Minor League Champs

Last September, the Bowling Green Hot Rods, a minor league affiliate of the Tampa Bay Rays, beat the Peoria Chiefs 7-2 to win their first ever Midwest League Championship.

I bring you this critical, though seven-month old, item because one of the themes we are tracking this year is the migration to value-based reimbursement.  Yes, a segue is coming. 

Today, we have a little news from the minor leagues of value-based care.  See the connection?

We’re checking back in on the Accountable Care Organizations (ACOs) participating in the Medicare Shared Savings Program (MSSP). Remember when these ACOs, working in the MSSP model, were going to save us boatloads of money and fix healthcare?  Now, it seems like Single A ball.

If you’ve been reading here long, you know that the ACO/MSSP idea is a favorite punching bag for us.  For all the smoke and heat and light and energy and spending that has been put into this, CMS would have saved more money by simply asking their staff use the other side of the Sticky Notes before reaching for another.  ‘Rounding error’ is a fitting summary for the program’s ‘savings’ to date.

But we look a little deeper today.  It turns out that physician group ACOs record a net positive savings to Medicare, while hospital-integrated ACOs don’t save enough to even cover their bonuses.

Neither saves a ton, but the evidence is clear for physician ACOs.  Those that entered the program in 2012, the first year, saved $474 per Medicare beneficiary in 2015, the last year for which the data is available.  Their hospital counterparts from the same year saved only $169, less than the bonuses they received.

Bowling Green beats Peoria.

Looking at the ACOs that have been in the program longer is the right idea because they’ve had time to bake-in their strategies.  And sure enough, both hospital and physician ACOs get better over time.  But, the doc-driven ACOs start with a better savings and get better faster in subsequent years.

In 2015, the physician group ACOs saved CMS, after bonuses, $256 million dollars.  The hospital-based ACOs were net negative to the cost of the program.

It was a bit humorous to read one analysis, explaining that doc-owned ACOs outperform because they more aggressively cut spending from other providers outside their practice, but the hospital ACOs should be excused because they own all of those downstream providers and can’t be expected to reduce services to their own business units.

So, it is not real savings unless you reduce spending in your own part of the value chain, but if you own all parts of the value chain, you can’t be expected to reduce spending??

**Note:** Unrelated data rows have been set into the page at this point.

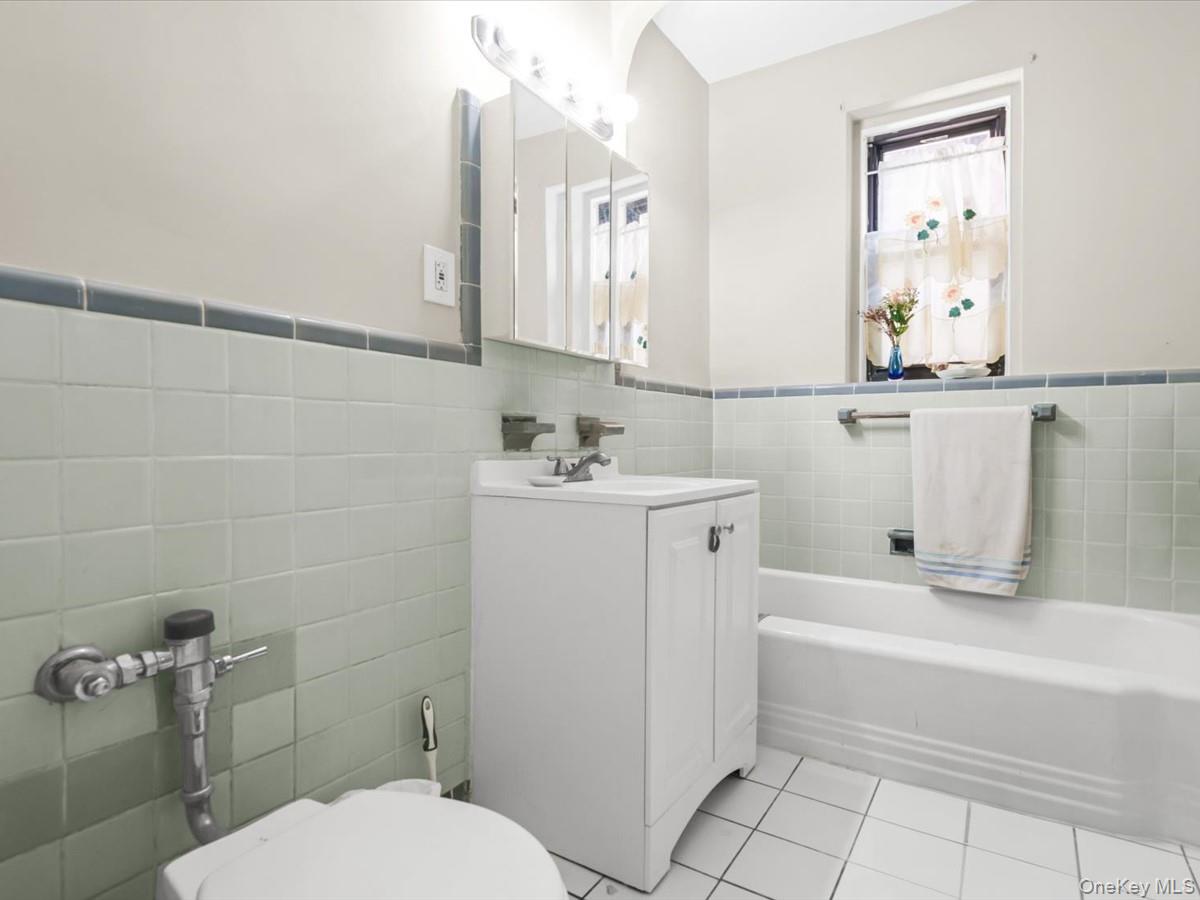 69-10 Yellowstone Boulevard Unit 202, Forest Hills NY 11375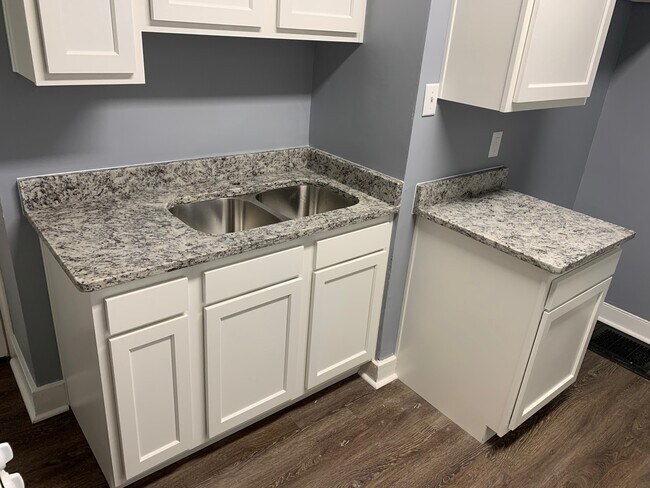 new kitchen - 930 Ash St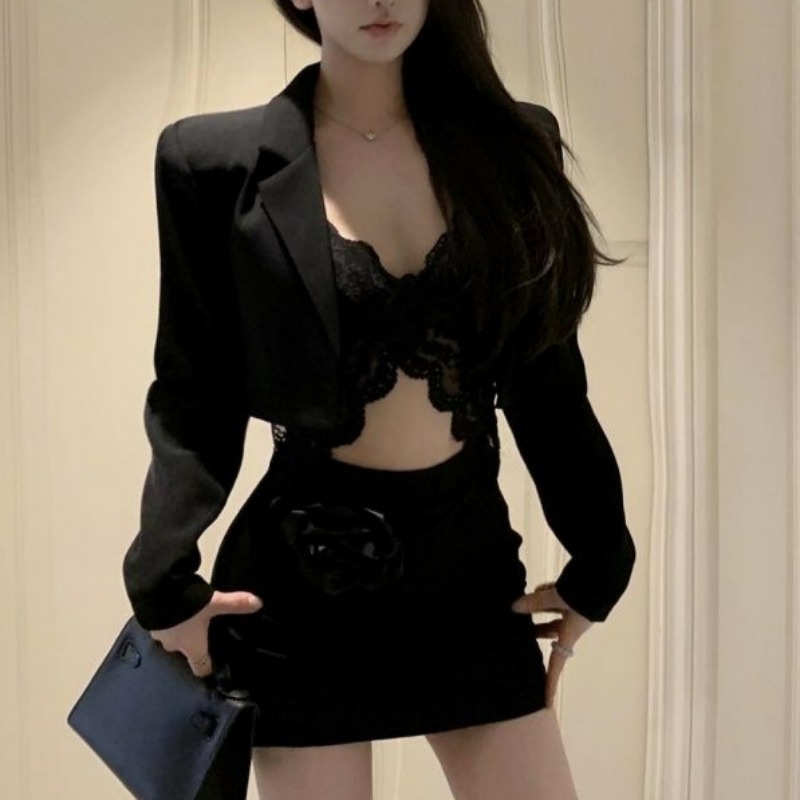 Blazer Musim Semi Hitam Bralet - Lace Bralette Set ulasan dan harga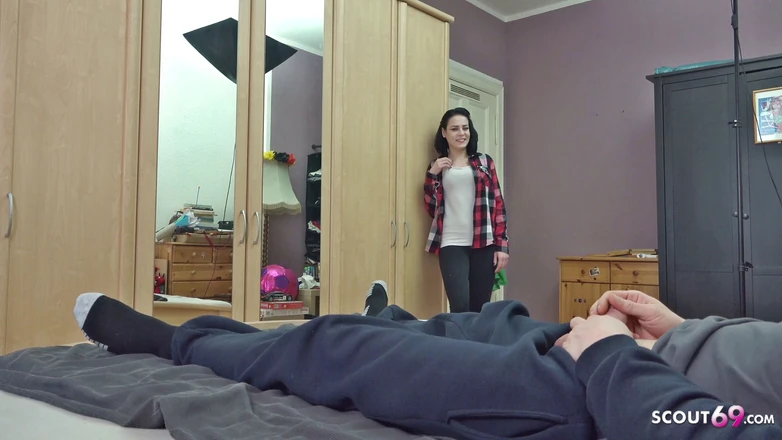 Scout69: Tysk styvsyster Marie påkommen med styvbror onanerar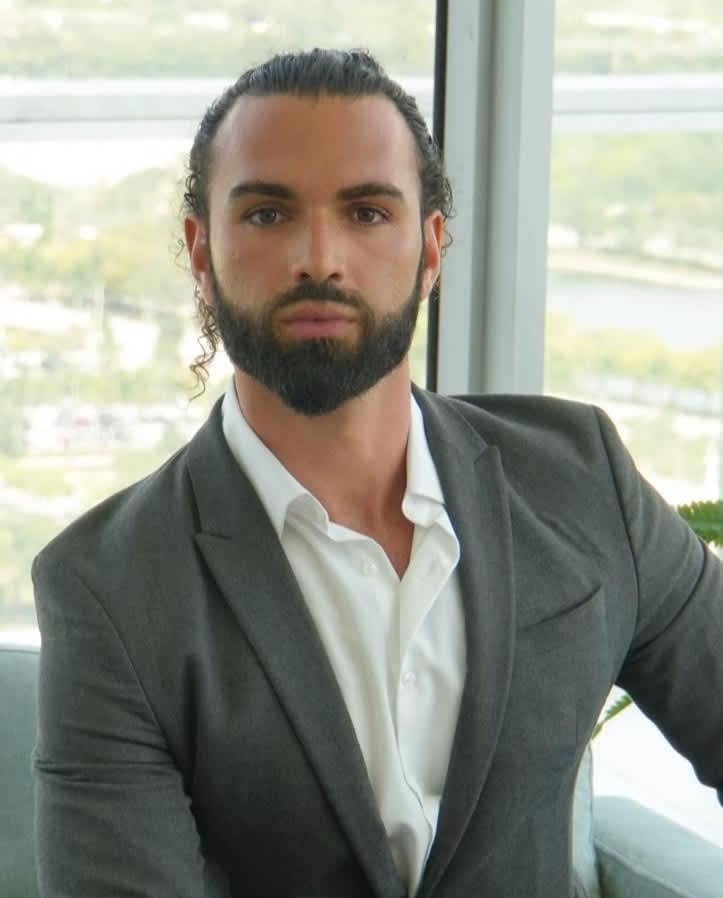 Zachary  Fazli 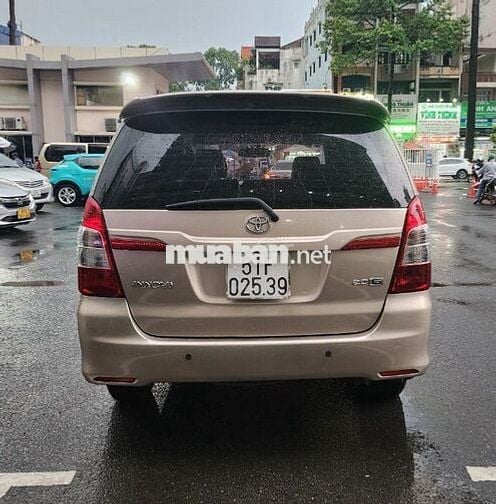 Toyota Innova 2014 2.0G - 102000 km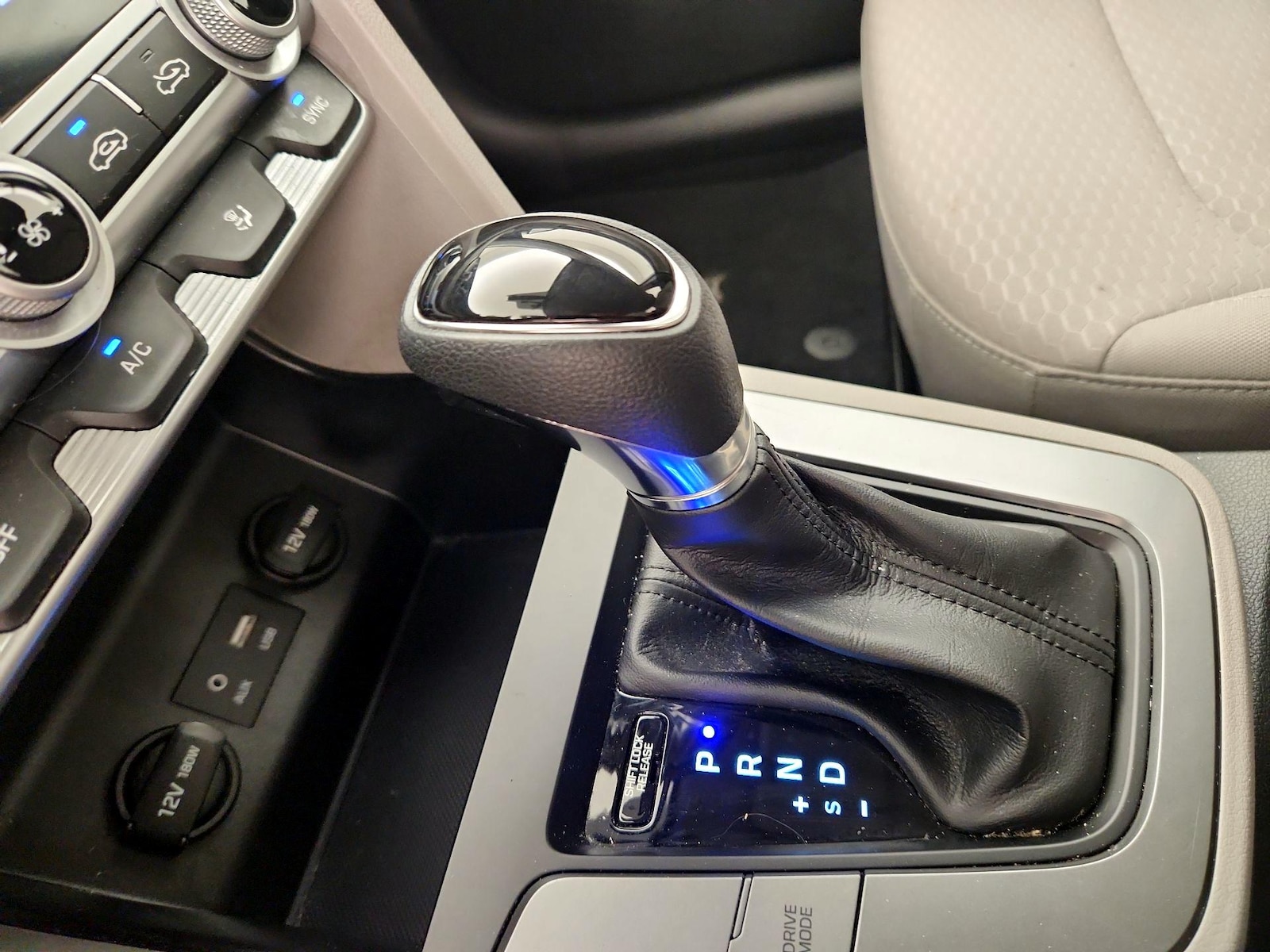 2020 Hyundai Elantra SEL - Photo 18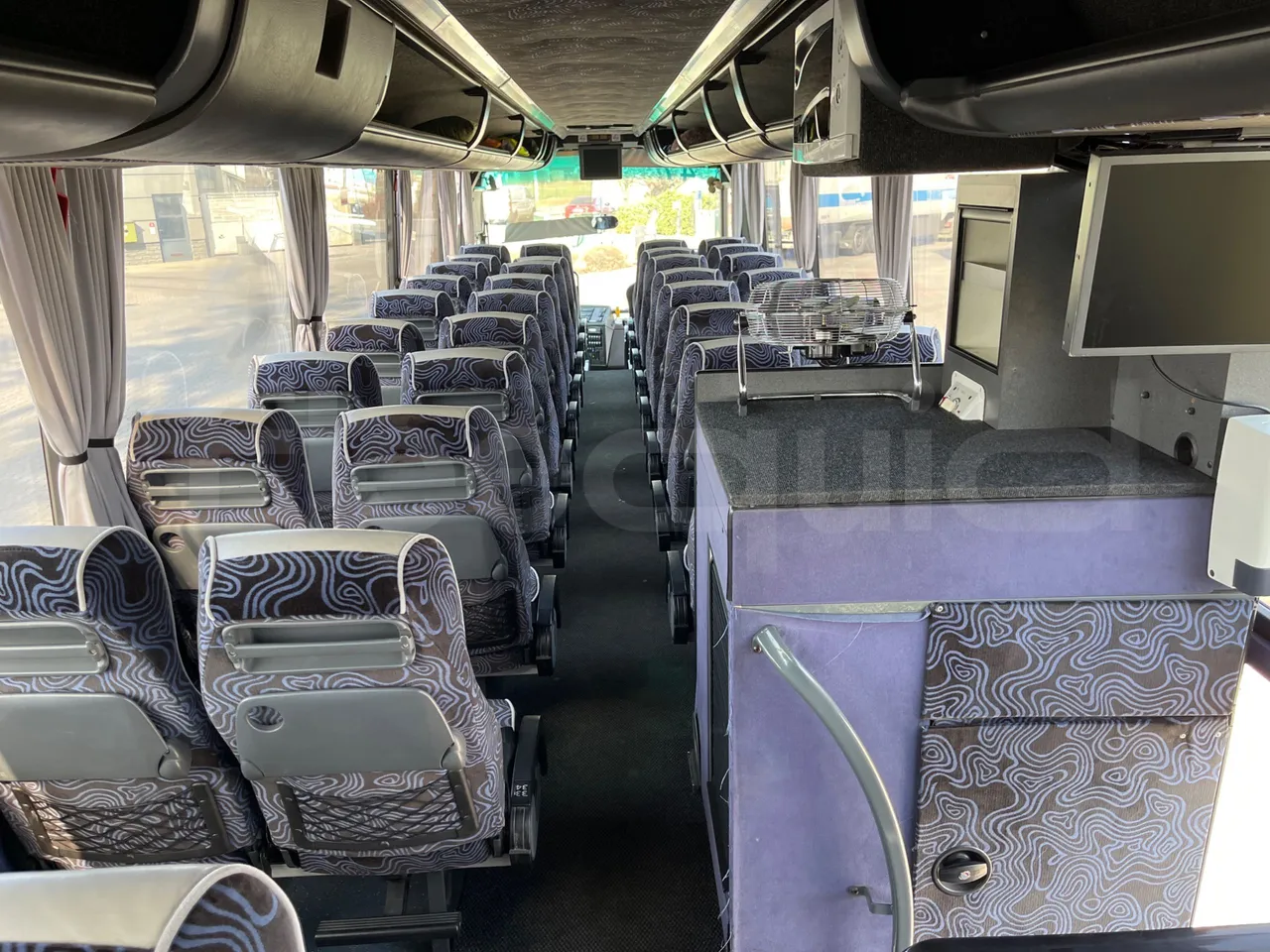 Bova B V Futura FHD 15 430 - EUR4 - 315kW - 12.7m - forward view middle aisle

You see why we think this model is flawed?

Save the Salt Shakers

It is function of where I am in life that way too many conversations with friends of late include a discussion about aging parents.  We used to talk about potty training tricks, youth sports programs, and when to give your kid a phone, but now it is more about assisted living options, various forms of dementia, and estate planning.  We are cheerful lot, aren’t we?

One of the questions is often about Mom and Dad’s stuff, stuff they have collected and cherished and dusted for decades.  The simple, if harsh, reality is the stuff is not worth the cost of the cardboard boxes you’d have to buy to put it in, much less the hassle of moving it to your basement, only for it become your kid’s problem in 20 years. 

Sentimentality gets in the way of clear thinking.  ‘Mom just loved her salt and pepper shaker collection and had to buy a set on every family vacation.’  Yep, and at $50 a month for the self-storage unit, we’ll just keep buying those smiling Yellowstone bears with three holes in their head over and over again.

I get it…emotional attachments can make it hard to move on.

Like the Medicare Shared Savings Program.    

A bi-partisan group of nine members of Congress sent a letter (and by the way, there is a typo in the 2nd paragraph where $314 million becomes $314 billion…maybe it is not a typo, but Washington math magic) last week to Seema Verma, Administrator of CMS, asking her to reconsider the administration’s plan to change the MSSP rules for ACOs.  CMS wants to make two big changes: new ACOs must move to accepting downside financial risk in two years instead of the current six; and they would share in only 25% of the savings instead of the current 50%. 

CMS says the government is just not getting enough benefit from the program and needs more.  The signers of the letter (you can almost see the hands of the American Hospital Association moving the puppet) say these changes will dissuade new ACOs from stepping into the MSSP game, which must be saved.

Let’s step back and ask, ‘Do we really want to hold on to these knickknacks?’

The authors tout the great success of the MSSP model in producing a net savings for Medicare of $145 million in 2015.  Wow. 

Note that the annual Medicare budget is about $650 billion. We’re talking a 0.02% impact.  Has ever so much time, effort, money and press release ink been spilled to realize so little?

Look, we have a real problem with our spending and if we don’t fix it fast we are not going to like our options.  Messing around on the edges is not getting it done.  Send the salt shakers to Goodwill and let’s get after the bigger solutions.